From the line that contains "Apartment for sale" through the line that contains "100 Greatest Desserts", output every line of the listing below exactly and leave out all the rest.

^^^^^^^^^^^^^^^^

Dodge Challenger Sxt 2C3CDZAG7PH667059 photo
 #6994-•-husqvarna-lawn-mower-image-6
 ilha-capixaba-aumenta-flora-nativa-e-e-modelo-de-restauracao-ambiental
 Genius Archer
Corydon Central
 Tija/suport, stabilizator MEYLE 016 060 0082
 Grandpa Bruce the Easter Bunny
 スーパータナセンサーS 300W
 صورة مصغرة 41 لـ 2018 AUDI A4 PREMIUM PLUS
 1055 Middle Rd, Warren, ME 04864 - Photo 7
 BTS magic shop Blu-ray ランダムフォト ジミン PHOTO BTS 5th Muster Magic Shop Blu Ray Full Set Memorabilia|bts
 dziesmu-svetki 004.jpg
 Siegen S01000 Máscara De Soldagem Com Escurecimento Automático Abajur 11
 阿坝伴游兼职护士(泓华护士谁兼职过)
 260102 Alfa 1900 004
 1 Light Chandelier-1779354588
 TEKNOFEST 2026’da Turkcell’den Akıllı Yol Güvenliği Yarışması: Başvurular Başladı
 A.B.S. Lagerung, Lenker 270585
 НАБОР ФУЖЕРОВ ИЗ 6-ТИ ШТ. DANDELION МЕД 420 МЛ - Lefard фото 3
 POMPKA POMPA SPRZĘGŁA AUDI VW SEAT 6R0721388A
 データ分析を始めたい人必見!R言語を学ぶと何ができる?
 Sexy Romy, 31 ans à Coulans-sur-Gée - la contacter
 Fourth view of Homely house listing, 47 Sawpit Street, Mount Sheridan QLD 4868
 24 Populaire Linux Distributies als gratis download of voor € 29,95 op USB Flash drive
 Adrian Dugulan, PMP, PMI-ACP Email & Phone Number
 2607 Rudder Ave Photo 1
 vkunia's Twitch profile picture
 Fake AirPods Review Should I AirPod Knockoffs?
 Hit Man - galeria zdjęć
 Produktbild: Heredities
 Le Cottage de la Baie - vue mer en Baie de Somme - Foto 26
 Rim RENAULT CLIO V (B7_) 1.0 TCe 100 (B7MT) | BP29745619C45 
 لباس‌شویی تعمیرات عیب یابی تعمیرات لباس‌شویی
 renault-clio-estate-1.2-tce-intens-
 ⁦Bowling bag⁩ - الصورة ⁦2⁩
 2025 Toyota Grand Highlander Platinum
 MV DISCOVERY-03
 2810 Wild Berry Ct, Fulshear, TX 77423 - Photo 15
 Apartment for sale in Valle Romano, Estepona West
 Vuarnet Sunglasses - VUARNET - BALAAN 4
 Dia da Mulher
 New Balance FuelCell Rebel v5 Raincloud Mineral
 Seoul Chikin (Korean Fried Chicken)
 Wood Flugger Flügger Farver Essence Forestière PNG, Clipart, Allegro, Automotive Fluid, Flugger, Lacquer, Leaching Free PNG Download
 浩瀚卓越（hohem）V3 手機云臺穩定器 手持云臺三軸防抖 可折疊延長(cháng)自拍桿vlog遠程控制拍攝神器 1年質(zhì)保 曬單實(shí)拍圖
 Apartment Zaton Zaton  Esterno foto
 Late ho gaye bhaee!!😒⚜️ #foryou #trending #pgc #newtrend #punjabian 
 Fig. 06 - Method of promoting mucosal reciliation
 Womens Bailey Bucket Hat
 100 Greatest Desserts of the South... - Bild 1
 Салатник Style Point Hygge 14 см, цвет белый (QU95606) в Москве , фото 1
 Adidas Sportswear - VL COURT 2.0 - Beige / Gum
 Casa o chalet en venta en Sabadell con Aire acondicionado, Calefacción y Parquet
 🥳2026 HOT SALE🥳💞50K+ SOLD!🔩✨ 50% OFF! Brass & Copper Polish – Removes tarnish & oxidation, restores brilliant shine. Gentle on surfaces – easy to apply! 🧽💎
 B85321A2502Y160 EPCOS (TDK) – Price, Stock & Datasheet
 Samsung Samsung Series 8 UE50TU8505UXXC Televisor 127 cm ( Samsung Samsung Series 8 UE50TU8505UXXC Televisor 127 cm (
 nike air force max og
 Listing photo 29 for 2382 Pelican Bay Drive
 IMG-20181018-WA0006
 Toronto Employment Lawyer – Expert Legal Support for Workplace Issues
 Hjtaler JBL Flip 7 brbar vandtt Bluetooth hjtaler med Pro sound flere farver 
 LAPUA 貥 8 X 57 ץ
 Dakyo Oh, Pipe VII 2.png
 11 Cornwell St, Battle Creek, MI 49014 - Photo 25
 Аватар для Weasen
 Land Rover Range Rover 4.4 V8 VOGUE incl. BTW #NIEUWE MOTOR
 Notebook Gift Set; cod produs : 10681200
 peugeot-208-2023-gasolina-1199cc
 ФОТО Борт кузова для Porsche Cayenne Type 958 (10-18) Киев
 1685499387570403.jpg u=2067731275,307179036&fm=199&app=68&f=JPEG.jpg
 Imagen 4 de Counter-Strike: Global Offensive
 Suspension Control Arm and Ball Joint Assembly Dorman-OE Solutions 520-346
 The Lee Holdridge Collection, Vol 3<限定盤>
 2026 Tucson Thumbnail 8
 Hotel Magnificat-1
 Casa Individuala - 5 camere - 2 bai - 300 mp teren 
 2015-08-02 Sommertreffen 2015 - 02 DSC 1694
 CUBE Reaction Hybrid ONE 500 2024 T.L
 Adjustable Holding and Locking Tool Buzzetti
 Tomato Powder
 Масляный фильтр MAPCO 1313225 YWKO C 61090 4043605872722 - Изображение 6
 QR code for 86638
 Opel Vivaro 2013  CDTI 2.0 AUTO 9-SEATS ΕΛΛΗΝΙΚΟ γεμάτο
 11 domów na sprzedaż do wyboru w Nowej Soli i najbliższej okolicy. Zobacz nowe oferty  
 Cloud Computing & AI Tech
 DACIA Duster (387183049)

^^^^^^^^^^^^^^^^

• **Response**:
 Apartment for sale in Valle Romano, Estepona West
 Vuarnet Sunglasses - VUARNET - BALAAN 4
 Dia da Mulher
 New Balance FuelCell Rebel v5 Raincloud Mineral
 Seoul Chikin (Korean Fried Chicken)
 Wood Flugger Flügger Farver Essence Forestière PNG, Clipart, Allegro, Automotive Fluid, Flugger, Lacquer, Leaching Free PNG Download
 浩瀚卓越（hohem）V3 手機云臺穩定器 手持云臺三軸防抖 可折疊延長(cháng)自拍桿vlog遠程控制拍攝神器 1年質(zhì)保 曬單實(shí)拍圖
 Apartment Zaton Zaton  Esterno foto
 Late ho gaye bhaee!!😒⚜️ #foryou #trending #pgc #newtrend #punjabian 
 Fig. 06 - Method of promoting mucosal reciliation
 Womens Bailey Bucket Hat
 100 Greatest Desserts of the South... - Bild 1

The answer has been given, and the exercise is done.